→ Task goal:
Please make an exact copy of the listing, without the pictures.

→ Input data:

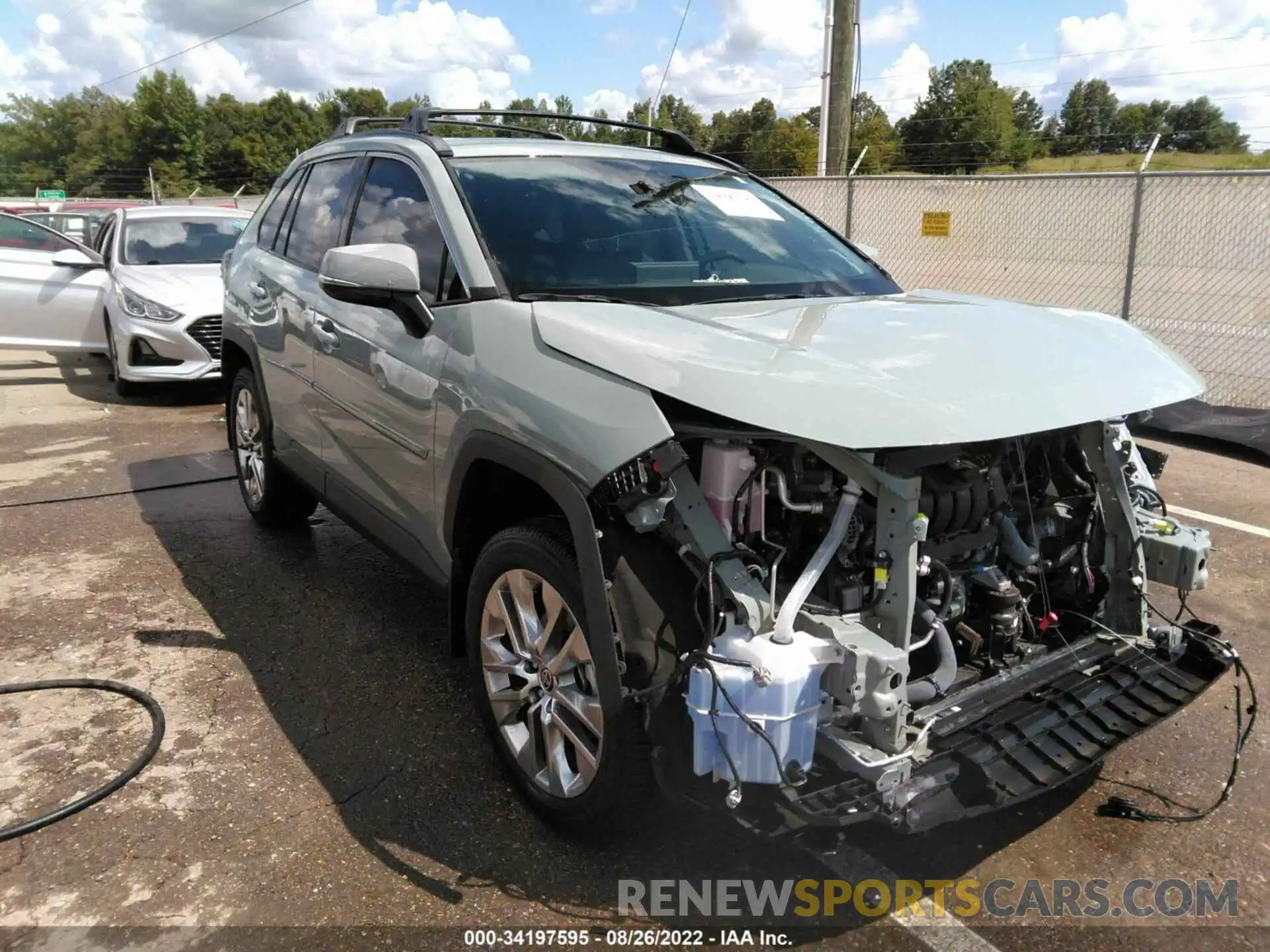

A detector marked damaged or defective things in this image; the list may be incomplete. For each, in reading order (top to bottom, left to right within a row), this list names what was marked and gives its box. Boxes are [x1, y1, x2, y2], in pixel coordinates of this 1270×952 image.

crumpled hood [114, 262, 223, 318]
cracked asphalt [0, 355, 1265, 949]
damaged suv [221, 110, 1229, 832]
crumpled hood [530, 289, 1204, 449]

→ Result of the exercise:
A detector marked damaged or defective things in this image; the list may be incomplete. For each, in reading order (top to bottom, left to right within a row), this list names what was marked and gives its box. Boxes are [x1, y1, x2, y2], in pixel coordinates of this 1270×952 image.

crumpled hood [114, 262, 223, 318]
cracked asphalt [0, 355, 1265, 949]
damaged suv [221, 110, 1229, 832]
crumpled hood [530, 289, 1204, 449]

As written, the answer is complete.